Cellular records analyzed during Dodge County reckless homicide trial

March 1, 2019

JUNEAU — A defense attorney objected in court Wednesday to the use of cellphone records to link his client to the victim in a reckless homicide jury case being heard in Dodge County Circuit Court.

Brian Larson, 29, is accused of delivering a fatal dose of heroin to Dakoda Kline, a 25-year-old from Juneau, in April 2017.

Larson, of Beaver Dam, is charged with felony counts of reckless homicide by way of delivering a controlled substance, two counts of manufacturing or delivering heroin and two counts of bail jumping.

Larson’s defense attorney, John Smerlinski, said the prosecution was attempting to use records not certified as coming from the cellular provider.
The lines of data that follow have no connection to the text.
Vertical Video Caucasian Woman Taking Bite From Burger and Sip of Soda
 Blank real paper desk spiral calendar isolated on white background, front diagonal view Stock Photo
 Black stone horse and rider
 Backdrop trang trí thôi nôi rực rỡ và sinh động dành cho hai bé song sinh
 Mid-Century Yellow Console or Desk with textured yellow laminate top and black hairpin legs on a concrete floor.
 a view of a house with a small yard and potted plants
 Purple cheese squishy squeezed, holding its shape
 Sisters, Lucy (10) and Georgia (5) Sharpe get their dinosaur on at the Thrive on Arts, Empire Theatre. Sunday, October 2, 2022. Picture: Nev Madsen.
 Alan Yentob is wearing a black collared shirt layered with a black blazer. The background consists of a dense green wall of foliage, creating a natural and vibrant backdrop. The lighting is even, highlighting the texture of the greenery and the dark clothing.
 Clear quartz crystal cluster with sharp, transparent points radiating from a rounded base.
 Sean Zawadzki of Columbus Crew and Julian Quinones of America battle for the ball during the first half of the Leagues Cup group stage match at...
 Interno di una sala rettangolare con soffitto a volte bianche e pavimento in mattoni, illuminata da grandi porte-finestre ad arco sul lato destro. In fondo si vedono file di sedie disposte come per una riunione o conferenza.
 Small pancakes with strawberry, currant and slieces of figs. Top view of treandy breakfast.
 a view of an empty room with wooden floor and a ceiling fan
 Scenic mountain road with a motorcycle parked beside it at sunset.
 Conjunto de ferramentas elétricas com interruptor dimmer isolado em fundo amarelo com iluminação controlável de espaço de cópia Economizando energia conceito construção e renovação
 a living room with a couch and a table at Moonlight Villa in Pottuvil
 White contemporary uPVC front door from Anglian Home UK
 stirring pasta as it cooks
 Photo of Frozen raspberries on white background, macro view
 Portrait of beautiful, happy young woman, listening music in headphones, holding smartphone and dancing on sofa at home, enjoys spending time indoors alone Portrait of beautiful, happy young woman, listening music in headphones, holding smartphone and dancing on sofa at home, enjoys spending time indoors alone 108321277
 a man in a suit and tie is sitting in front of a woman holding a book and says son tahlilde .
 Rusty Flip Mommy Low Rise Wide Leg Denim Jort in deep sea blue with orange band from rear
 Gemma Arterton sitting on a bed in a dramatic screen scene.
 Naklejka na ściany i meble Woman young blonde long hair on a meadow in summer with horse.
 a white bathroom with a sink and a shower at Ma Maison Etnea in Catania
He made the assertion while an expert testified about the calls made between Kline and Larson’s phones around the time of Kline’s death.

Dodge County Assistant District Attorney Yolanda Tienstra said she was proposing to have Anthony Hollmaier, a senior criminal intelligence analyst, testify on his technical knowledge of cellular phones with the records he routinely relies on with his work.

“We will have him present a timeline that outlines the voice calls and texts between the two numbers,” Smerlinski said.

Dodge County Circuit Judge Martin De Vries said Hollmaier would assist the jury in understanding the connection between the two phones when he overruled the objection.

Hollmaier went through the calls and texts between April 7, 2017, and April 9, 2017. Kline began attempting to contact Larson on the afternoon of April 7. The next day, the communication continued between the two. Hollmaier also explained that Larson’s phone was used both in the Beaver Dam area and Milwaukee on that day.

“When was the last time a call or text originated from Dakoda Kline’s phone?” Tienstra asked.

“It was outgoing on April 8, 2017, at 4:40 p.m.,” Hollmaier said.

Kline’s body was found the next day inside his truck, which was parked, still running, at Oakwood Cemetery in Beaver Dam.

Smerlinski said the state of Wisconsin regulates certification in cellular mapping and asked Hollmaier if he was certified. Hollmaier said he was not.

Smerlinski had Hollmaier go over the times of the calls, which were all under a minute. He also asked him if he was asked to check other numbers.

“Not that I can recall, but it was two years ago,” Hollmaier said.

Other witnesses Tienstra called included a confidential informant who said he purchased heroin from Larson around the time of Kline’s death.